Re: 2 repeated variables in Proc Mixed

KellyLRonald · Posted 05-25-2018 02:20 PM

Hello--I have an experimental design where animals are exposed to different trial (first repeated factor, i.e., 'trial_type') and then within each there is a before and after (second repeated factor, i.e., 'lights'). I'm wondering the most appropriate way to code this and decided to try using two random statements? But it is possible to also do two repeated statements? Originally I was just using the repeated statement that I have crossed out here before I realized that my design needed to include before/after component of the variable called "lights".

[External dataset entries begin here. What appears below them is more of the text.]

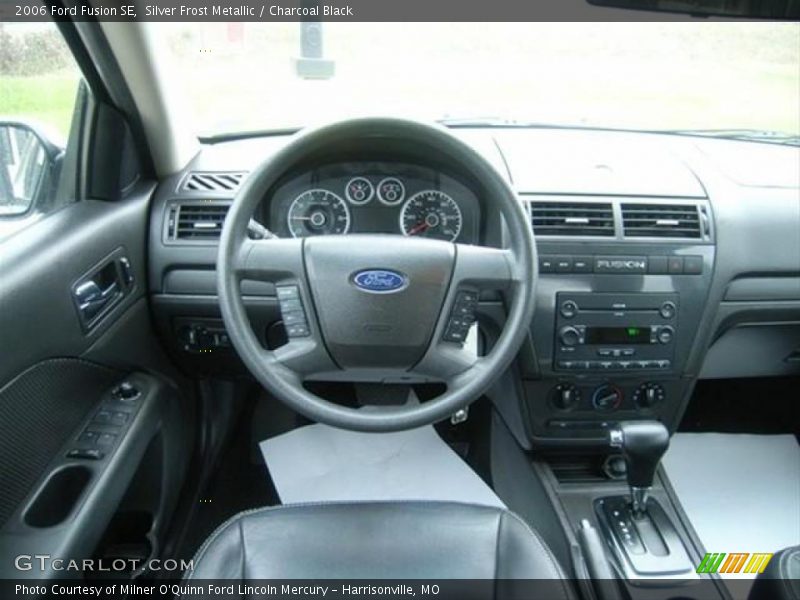 Silver Frost Metallic / Charcoal Black 2006 Ford Fusion SE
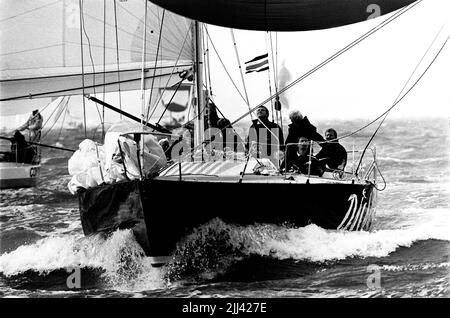 AJAXNETPHOTO. 1985. SOLENT, ANGLETERRE. - COUPE DE L'AMIRAL - DIVA, MEMBRE DE L'ÉQUIPE ALLEMANDE, EN COMPÉTITION CÔTIÈRE. PHOTO:JONATHAN EASTLAND/AJAX REF:1985 24 Banque D'Images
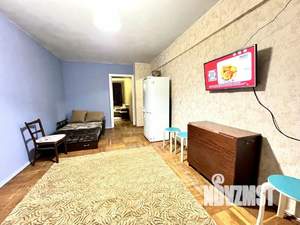 2-к квартира, посуточно, 52м2, 1/1 этаж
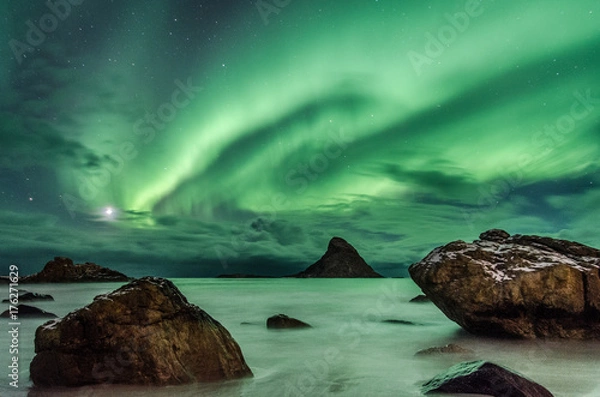 Fototapeta Polar light on a beach of  Andenes in Norway (aurora borealis)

proc sort data=New3; by Male Trial_Day;
proc mixed data=New3; class Male Trial_Type Lights ;
model LogUSVS = Trial_Type Lights Lights*Trial_Type
/solution outp=preds ddfm=kr;
lsmeans Trial_Type Lights*Trial_Type Lights / diff ;
random Male Trial_Type(Male) Lights(Male)/V Vcorr; run;

*/repeated /type=ar(1) subject=Male; title 'USV'; run;*/

sld · Posted 05-26-2018 11:08 PM

l'm assuming here that you have animals (identified by "Male"). Each animal is exposed to some number (2?) of different "Trial_Type"s. And within each Trial_Type, there is one measure for each of two "Lights" levels. LogUSVS is assumed to be normally distributed, conditional on the fixed and random effects in the model.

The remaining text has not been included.